TRY IT =
Once the line with "Subverti Précommande: Amarok (ML)" is found in the entries below, print it and each following line exactly, stopping after the line with "Buy The Irish Midwife"; print nothing else.

DATA SUPPLIED =
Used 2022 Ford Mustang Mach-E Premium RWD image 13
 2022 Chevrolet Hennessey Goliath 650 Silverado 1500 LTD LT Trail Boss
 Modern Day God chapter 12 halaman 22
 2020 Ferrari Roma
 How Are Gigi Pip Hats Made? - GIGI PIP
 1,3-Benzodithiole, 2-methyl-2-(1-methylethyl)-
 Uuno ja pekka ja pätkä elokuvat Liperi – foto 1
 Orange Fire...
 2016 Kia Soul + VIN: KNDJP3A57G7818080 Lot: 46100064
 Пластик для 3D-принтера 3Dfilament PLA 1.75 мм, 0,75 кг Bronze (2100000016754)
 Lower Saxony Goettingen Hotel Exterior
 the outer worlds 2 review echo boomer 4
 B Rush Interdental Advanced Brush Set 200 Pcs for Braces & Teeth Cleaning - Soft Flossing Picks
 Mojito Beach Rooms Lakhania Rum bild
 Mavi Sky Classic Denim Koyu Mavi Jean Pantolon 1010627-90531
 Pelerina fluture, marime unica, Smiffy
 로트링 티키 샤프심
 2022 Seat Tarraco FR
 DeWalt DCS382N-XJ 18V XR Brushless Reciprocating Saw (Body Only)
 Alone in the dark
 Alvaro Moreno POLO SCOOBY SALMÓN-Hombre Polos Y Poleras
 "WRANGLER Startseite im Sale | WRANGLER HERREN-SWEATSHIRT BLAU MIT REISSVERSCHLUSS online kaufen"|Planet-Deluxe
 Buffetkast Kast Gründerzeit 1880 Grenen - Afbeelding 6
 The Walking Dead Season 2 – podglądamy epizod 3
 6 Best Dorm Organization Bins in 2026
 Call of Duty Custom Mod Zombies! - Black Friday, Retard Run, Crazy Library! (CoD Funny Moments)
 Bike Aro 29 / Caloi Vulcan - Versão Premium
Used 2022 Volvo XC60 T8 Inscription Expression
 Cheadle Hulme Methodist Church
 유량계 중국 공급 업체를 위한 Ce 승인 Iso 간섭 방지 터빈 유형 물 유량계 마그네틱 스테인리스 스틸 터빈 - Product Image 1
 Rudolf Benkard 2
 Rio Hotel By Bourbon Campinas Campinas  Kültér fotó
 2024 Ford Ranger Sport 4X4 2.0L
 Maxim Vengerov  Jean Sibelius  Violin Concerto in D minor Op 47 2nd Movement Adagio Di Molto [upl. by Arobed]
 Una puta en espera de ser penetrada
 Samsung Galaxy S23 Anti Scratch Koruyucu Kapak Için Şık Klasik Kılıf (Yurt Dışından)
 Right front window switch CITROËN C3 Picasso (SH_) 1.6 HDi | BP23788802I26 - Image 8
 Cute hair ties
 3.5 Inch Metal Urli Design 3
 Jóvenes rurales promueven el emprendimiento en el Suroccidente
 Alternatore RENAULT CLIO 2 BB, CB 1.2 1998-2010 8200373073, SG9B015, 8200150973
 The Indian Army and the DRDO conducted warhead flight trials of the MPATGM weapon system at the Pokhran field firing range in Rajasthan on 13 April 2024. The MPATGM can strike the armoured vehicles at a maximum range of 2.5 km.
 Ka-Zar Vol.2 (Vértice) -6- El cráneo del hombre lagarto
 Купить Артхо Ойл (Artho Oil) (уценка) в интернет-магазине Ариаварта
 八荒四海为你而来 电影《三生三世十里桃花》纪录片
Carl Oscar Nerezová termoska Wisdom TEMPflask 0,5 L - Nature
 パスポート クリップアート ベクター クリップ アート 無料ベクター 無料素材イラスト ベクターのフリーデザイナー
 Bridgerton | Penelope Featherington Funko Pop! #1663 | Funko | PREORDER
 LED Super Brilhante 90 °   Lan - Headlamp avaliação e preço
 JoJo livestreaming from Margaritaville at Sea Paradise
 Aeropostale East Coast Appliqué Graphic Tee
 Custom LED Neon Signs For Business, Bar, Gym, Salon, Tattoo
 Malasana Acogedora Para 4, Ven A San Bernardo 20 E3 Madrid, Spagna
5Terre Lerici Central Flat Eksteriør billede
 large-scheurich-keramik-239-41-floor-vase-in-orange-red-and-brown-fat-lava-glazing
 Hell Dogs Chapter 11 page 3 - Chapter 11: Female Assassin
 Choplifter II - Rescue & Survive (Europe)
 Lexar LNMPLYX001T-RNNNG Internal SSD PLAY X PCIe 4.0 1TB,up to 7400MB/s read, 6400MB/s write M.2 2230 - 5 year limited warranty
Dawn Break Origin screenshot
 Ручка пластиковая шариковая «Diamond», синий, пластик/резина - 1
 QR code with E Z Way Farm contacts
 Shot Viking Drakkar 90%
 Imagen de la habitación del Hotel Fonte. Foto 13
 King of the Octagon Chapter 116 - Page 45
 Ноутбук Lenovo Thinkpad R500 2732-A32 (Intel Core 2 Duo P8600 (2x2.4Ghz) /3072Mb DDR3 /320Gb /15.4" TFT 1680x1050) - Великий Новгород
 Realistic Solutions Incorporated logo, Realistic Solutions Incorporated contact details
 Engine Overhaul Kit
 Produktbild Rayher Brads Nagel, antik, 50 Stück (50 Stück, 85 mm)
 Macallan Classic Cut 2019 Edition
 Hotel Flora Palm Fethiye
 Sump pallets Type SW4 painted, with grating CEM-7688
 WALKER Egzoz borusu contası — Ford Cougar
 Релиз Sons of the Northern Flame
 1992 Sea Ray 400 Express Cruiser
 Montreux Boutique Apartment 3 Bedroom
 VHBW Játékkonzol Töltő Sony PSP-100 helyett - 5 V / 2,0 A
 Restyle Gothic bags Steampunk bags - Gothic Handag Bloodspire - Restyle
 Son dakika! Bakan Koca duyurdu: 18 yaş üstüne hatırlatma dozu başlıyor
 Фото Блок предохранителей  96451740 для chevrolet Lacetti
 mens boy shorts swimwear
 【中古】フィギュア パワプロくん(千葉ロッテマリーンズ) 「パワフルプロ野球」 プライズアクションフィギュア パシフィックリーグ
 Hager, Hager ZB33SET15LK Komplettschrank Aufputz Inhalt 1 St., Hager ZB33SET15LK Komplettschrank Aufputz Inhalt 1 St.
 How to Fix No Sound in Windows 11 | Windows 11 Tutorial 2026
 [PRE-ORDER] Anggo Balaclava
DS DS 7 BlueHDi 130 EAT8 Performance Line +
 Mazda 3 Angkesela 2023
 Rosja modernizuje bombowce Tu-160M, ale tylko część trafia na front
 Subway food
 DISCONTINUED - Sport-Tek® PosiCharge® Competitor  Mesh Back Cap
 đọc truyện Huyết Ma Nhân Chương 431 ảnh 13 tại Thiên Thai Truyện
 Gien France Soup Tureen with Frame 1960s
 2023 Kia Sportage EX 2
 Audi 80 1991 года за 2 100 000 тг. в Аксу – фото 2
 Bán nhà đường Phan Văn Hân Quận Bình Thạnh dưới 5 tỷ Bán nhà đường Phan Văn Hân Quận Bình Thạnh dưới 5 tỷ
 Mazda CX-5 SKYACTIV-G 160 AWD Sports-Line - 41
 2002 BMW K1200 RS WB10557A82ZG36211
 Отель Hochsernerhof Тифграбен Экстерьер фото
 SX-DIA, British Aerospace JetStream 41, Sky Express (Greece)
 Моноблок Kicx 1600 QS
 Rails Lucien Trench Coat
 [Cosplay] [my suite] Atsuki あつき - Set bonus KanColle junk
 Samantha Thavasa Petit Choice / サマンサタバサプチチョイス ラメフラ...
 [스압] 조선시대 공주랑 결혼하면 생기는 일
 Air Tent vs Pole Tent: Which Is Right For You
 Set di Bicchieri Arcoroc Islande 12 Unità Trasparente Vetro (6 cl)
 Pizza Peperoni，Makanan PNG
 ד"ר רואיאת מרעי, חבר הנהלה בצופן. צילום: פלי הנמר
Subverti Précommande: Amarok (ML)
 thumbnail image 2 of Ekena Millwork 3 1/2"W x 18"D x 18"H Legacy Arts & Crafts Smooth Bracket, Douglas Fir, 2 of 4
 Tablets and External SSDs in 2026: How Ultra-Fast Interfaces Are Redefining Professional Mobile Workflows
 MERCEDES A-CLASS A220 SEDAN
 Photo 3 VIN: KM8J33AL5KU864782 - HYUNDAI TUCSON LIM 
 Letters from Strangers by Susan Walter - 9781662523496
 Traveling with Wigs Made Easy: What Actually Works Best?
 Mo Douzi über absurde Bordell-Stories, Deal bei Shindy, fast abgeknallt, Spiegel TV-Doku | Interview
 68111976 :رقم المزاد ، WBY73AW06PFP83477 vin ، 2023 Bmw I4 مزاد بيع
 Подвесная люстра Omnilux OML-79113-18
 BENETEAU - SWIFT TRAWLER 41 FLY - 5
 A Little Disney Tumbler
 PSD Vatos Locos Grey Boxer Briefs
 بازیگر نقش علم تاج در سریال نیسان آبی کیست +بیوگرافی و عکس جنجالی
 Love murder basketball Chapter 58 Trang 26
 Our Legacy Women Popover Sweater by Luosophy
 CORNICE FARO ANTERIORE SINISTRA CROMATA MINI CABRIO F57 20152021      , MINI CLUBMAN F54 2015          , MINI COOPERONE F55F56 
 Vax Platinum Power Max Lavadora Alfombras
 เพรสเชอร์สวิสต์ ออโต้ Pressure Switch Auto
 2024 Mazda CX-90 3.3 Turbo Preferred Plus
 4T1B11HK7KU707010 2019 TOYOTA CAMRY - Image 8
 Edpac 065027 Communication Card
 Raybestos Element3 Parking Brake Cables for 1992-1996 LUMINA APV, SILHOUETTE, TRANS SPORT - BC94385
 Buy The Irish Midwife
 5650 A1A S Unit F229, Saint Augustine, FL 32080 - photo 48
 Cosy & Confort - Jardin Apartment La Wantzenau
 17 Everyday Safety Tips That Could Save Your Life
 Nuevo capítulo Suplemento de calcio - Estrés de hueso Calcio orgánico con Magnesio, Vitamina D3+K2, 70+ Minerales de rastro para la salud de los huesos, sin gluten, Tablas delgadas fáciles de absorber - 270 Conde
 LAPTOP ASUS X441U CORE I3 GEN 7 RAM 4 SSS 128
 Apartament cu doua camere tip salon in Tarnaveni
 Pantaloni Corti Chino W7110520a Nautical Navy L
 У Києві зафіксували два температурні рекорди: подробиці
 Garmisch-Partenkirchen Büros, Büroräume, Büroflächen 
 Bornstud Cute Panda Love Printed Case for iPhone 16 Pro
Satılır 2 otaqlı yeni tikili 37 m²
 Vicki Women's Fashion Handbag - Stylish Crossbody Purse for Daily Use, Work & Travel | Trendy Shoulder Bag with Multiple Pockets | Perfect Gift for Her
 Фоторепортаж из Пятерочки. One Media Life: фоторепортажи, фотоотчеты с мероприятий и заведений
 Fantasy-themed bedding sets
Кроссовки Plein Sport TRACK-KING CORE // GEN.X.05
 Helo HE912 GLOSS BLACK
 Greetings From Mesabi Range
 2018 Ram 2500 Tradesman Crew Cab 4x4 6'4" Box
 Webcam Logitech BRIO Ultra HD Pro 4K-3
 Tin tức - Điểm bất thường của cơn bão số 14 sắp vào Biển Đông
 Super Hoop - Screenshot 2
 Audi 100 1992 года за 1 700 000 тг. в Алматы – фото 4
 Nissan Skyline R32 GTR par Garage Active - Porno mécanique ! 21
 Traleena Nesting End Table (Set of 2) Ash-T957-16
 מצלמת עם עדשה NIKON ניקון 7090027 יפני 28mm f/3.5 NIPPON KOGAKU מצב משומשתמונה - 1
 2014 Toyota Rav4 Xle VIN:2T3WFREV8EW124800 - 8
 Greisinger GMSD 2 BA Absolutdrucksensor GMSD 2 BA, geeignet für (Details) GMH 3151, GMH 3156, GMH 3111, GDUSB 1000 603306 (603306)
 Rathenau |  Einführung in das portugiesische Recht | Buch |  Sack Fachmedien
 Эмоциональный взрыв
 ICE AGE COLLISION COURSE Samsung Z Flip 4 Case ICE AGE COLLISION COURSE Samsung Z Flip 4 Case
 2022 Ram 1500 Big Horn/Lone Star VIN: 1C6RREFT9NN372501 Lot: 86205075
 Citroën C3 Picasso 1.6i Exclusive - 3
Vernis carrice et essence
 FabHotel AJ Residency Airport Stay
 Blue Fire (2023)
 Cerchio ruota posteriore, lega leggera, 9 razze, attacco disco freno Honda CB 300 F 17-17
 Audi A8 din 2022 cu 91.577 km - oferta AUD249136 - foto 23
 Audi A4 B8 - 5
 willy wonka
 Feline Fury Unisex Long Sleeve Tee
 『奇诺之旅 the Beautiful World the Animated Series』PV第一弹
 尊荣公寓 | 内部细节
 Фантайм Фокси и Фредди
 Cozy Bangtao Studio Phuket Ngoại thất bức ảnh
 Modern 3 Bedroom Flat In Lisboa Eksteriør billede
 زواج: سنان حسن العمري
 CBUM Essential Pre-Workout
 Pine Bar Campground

ANSWER TO THIS PROBLEM =
Subverti Précommande: Amarok (ML)
 thumbnail image 2 of Ekena Millwork 3 1/2"W x 18"D x 18"H Legacy Arts & Crafts Smooth Bracket, Douglas Fir, 2 of 4
 Tablets and External SSDs in 2026: How Ultra-Fast Interfaces Are Redefining Professional Mobile Workflows
 MERCEDES A-CLASS A220 SEDAN
 Photo 3 VIN: KM8J33AL5KU864782 - HYUNDAI TUCSON LIM 
 Letters from Strangers by Susan Walter - 9781662523496
 Traveling with Wigs Made Easy: What Actually Works Best?
 Mo Douzi über absurde Bordell-Stories, Deal bei Shindy, fast abgeknallt, Spiegel TV-Doku | Interview
 68111976 :رقم المزاد ، WBY73AW06PFP83477 vin ، 2023 Bmw I4 مزاد بيع
 Подвесная люстра Omnilux OML-79113-18
 BENETEAU - SWIFT TRAWLER 41 FLY - 5
 A Little Disney Tumbler
 PSD Vatos Locos Grey Boxer Briefs
 بازیگر نقش علم تاج در سریال نیسان آبی کیست +بیوگرافی و عکس جنجالی
 Love murder basketball Chapter 58 Trang 26
 Our Legacy Women Popover Sweater by Luosophy
 CORNICE FARO ANTERIORE SINISTRA CROMATA MINI CABRIO F57 20152021      , MINI CLUBMAN F54 2015          , MINI COOPERONE F55F56 
 Vax Platinum Power Max Lavadora Alfombras
 เพรสเชอร์สวิสต์ ออโต้ Pressure Switch Auto
 2024 Mazda CX-90 3.3 Turbo Preferred Plus
 4T1B11HK7KU707010 2019 TOYOTA CAMRY - Image 8
 Edpac 065027 Communication Card
 Raybestos Element3 Parking Brake Cables for 1992-1996 LUMINA APV, SILHOUETTE, TRANS SPORT - BC94385
 Buy The Irish Midwife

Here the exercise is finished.